"Slow" myosins in vertebrae skeletal muscle. An immunofluorescence study.

Abstract
Specific antisera were raised in rabbits against column-purified myosins from a slow avian muscle, the chicken anterior latissimus dorsi (ALD), and a slow-twitch mammalian muscle, the guinea pig soleus (SOL). The antisera were labeled with fluorescein and applied to sections of muscles from various vertebrate species. Two distinct categories of the slow fibers were identified on the basis of their differential reactivity with the 2 antisera. Fibers stained by anti-ALD appear to correspond in distribution and histochemical properties to physiologically slow-tonic fibers, i.e., fibers that display multiple innervation and respond to stimulation with prolonged contractures. In mammals, only a minority of fibers in extraocular muscles and the nuclear bag fibers of muscle spindles were brightly labeled by this antiserum.
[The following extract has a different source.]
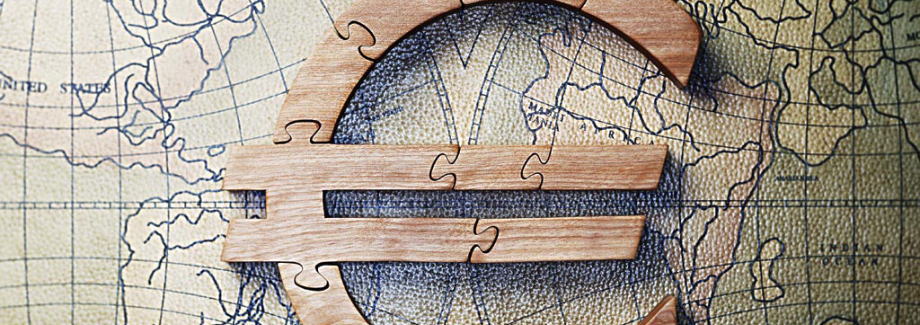 在当地时间9日下午举行的欧元集团会议上,爱尔兰财政部部长多诺霍(Paschal Donohoe)当选新一任欧元集团主席,并将于今年7月13日正式履新,任期两年半,由其主持的首次欧元集团会议目前定于今年9月11日举行。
Fibers labeled by anti-SOL in mammalian muscle appear to correspond in distribution and histochemical properties to physiologically slow-twitch fibers. Anti-SOL stained a population of fibers in reptiles, amphibians and fishes that did not react, or reacted poorly, with anti-ALD; in avian muscle, only a minor proportion of the slow fibers were labeled by anti-SOL. Two antigenically distinct, though partly cross-reacting, types of slow myosin in vertebrate muscle exist.